▶ [What is expected]
The expected output is an exact copy of the lines from the one containing "Другие грузовики Ford Transit 2020 в Киеве фото" through the final line of the entries below, with no images.

(Caption-style text data)
============================================================

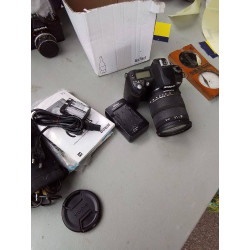 APPAREIL PHOTO NIKON D70 +ACC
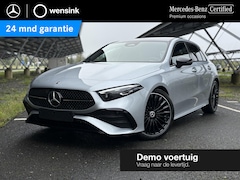 Mercedes-Benz A-klasse - 180 Business Solution AMG | Night | Panoramaschuifdak | Achteruitrijcamera | Sfeerverlicht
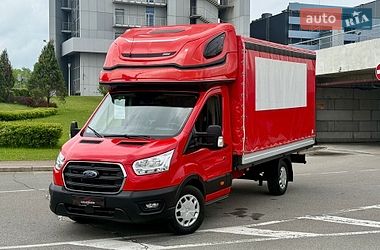 Другие грузовики Ford Transit 2020 в Киеве фото 19 Другие грузовики Ford Transit 2020 в Киеве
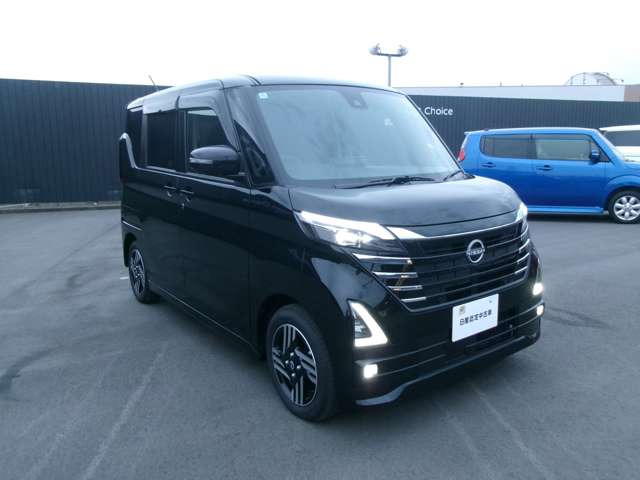 デイズハイウェイスターX プロパイロットエディション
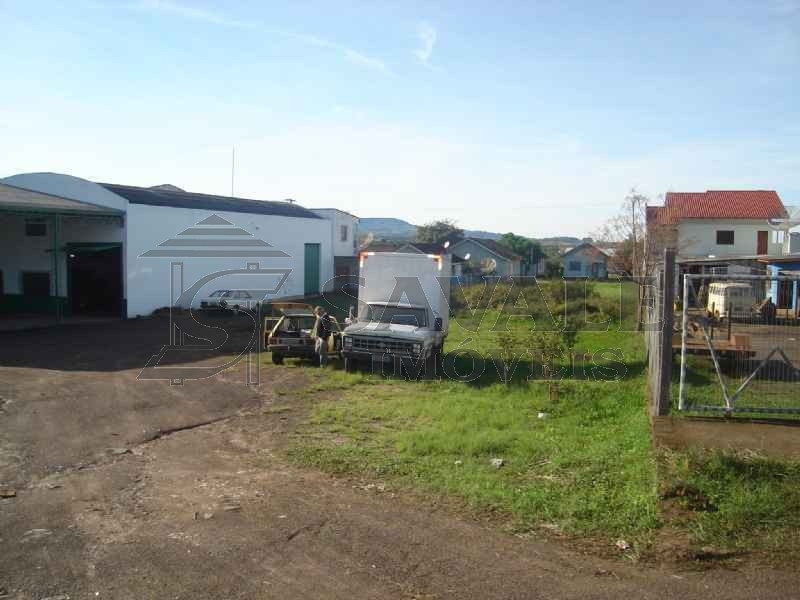 Terreno com 860m² para alugar no bairro Pitangueiras, Santo Antonio da Patrulha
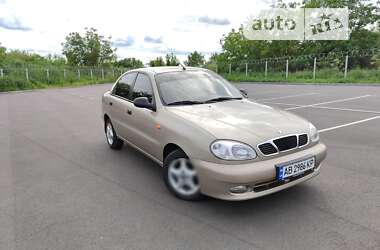 Седан Daewoo Lanos 2008 в Вінниці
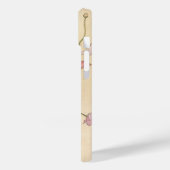 ヴィンテージおとぎ話、喜びに満ちた三霊 Case-Mate iPhoneケース (裏面 / 左)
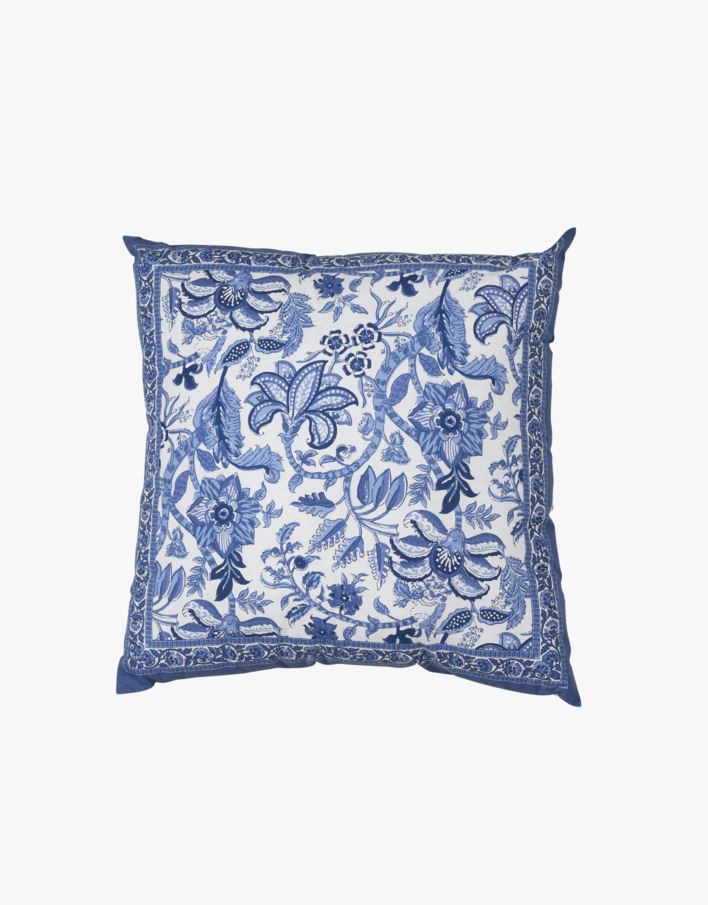 Koristetyyny sininen - 60x60 cm sininen - 1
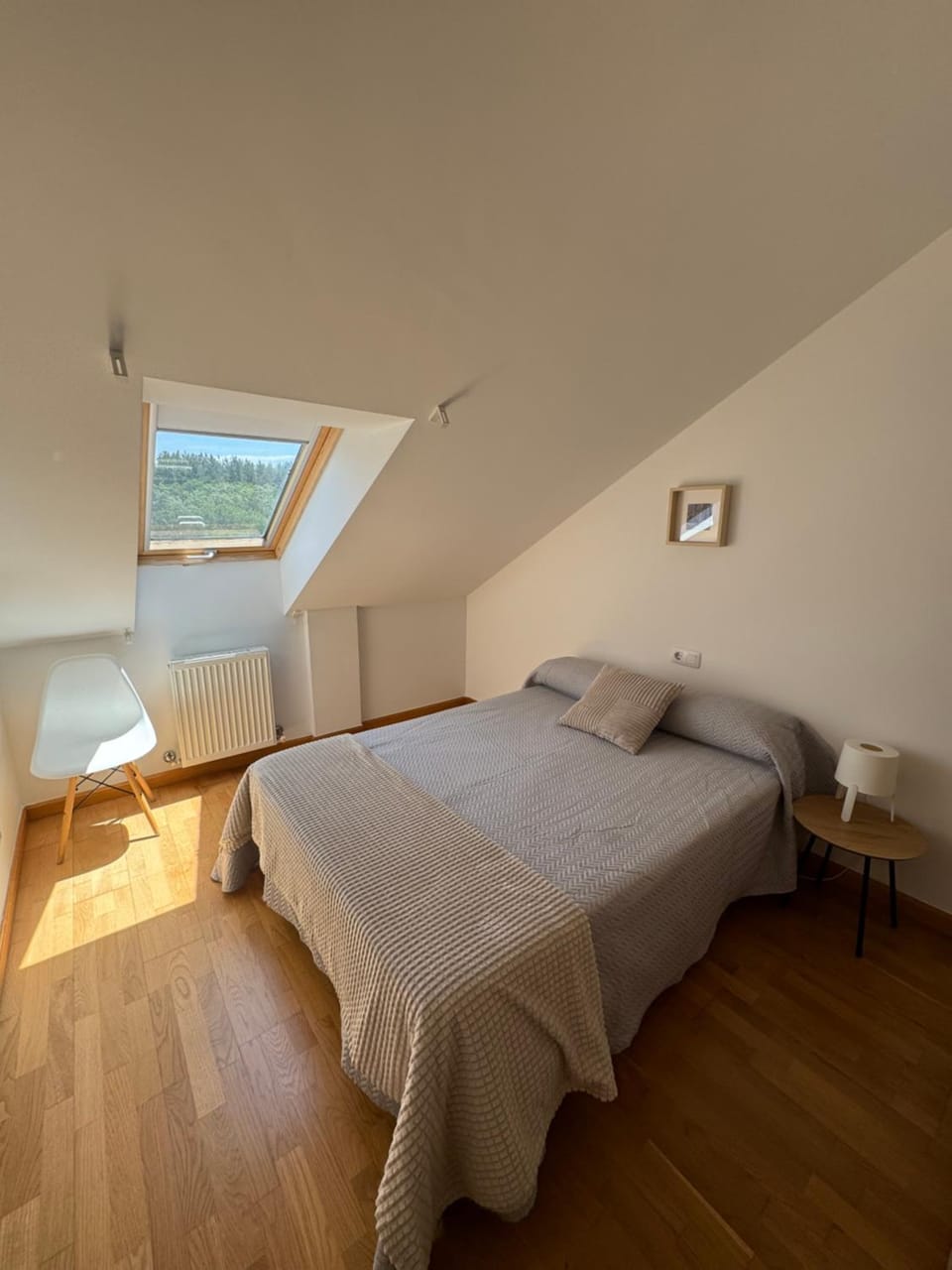 Bed, Photo of the whole room, Bedroom, internet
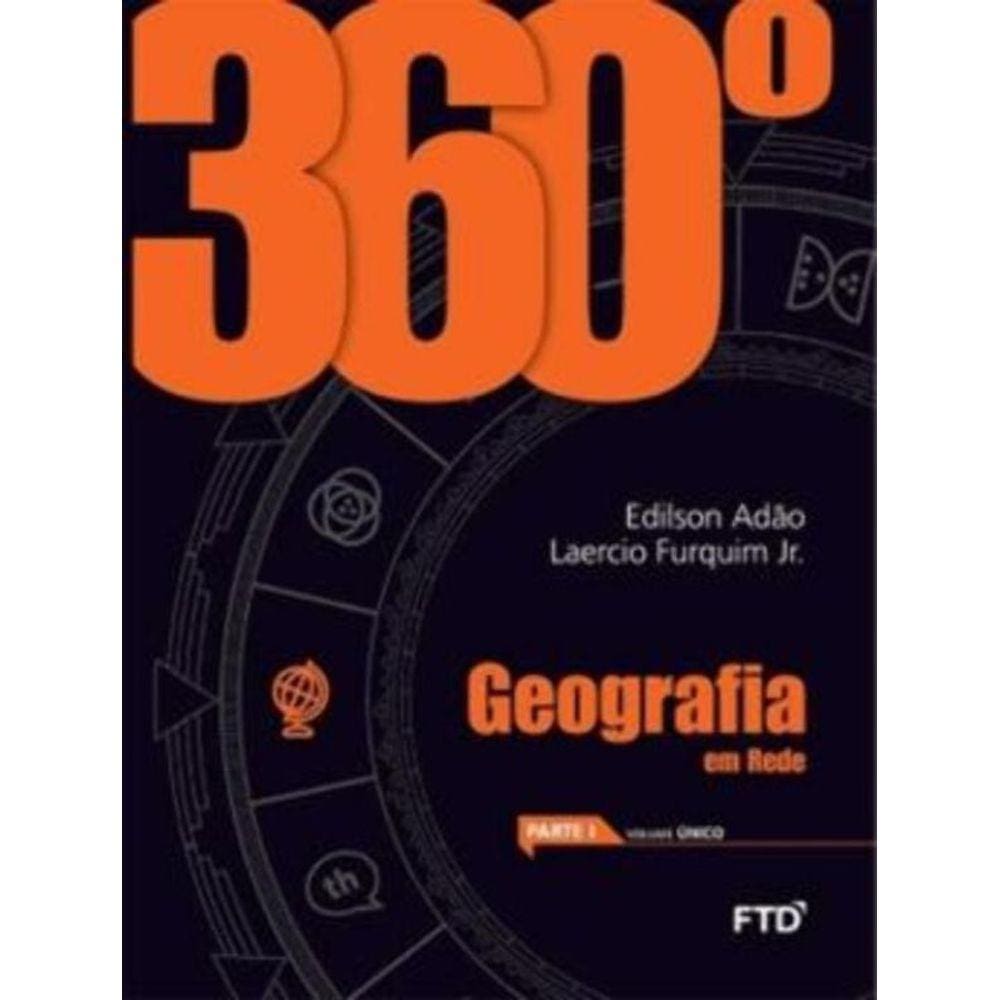 Box - 360º - Geografia - 01Ed/15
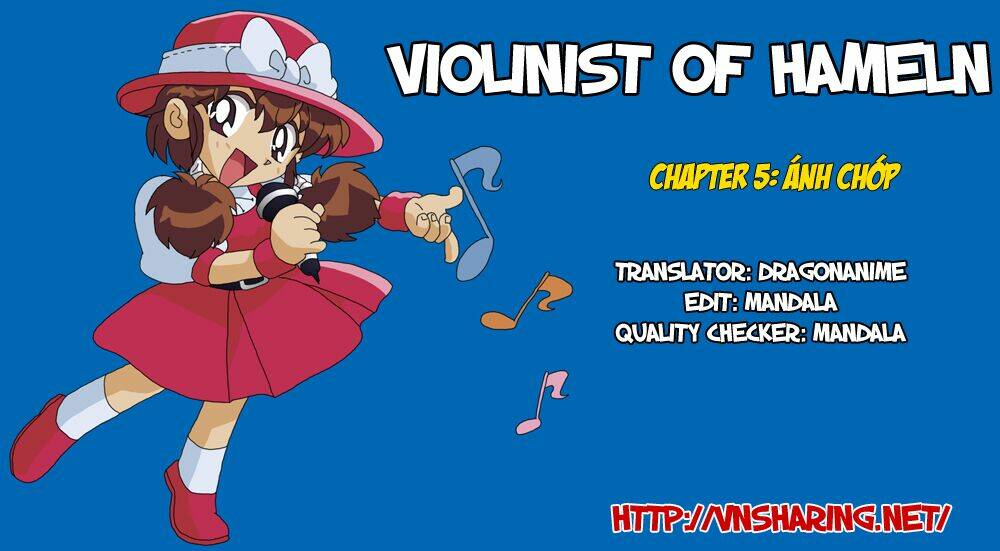 violinist of hameln - cây đàn kì diệu chapter 5 38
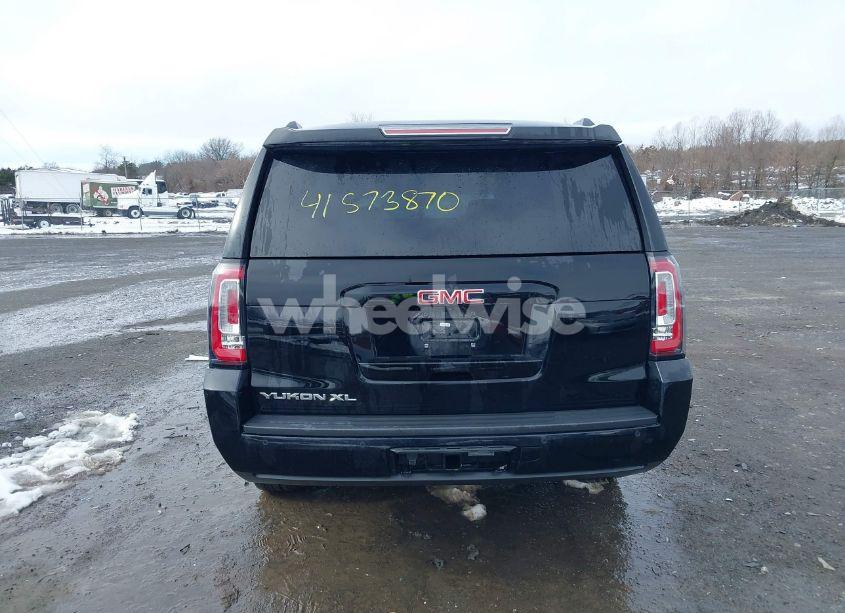 Photo 16 of 2019 Gmc Yukon XL SLT (VIN 1GKS2GKC0KR247038)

============================================================

▶ [Output for this task]
 Другие грузовики Ford Transit 2020 в Киеве фото 19 Другие грузовики Ford Transit 2020 в Киеве
 デイズハイウェイスターX プロパイロットエディション
 Terreno com 860m² para alugar no bairro Pitangueiras, Santo Antonio da Patrulha
 Седан Daewoo Lanos 2008 в Вінниці
 ヴィンテージおとぎ話、喜びに満ちた三霊 Case-Mate iPhoneケース (裏面 / 左)
 Koristetyyny sininen - 60x60 cm sininen - 1
 Bed, Photo of the whole room, Bedroom, internet
 Box - 360º - Geografia - 01Ed/15
 violinist of hameln - cây đàn kì diệu chapter 5 38
 Photo 16 of 2019 Gmc Yukon XL SLT (VIN 1GKS2GKC0KR247038)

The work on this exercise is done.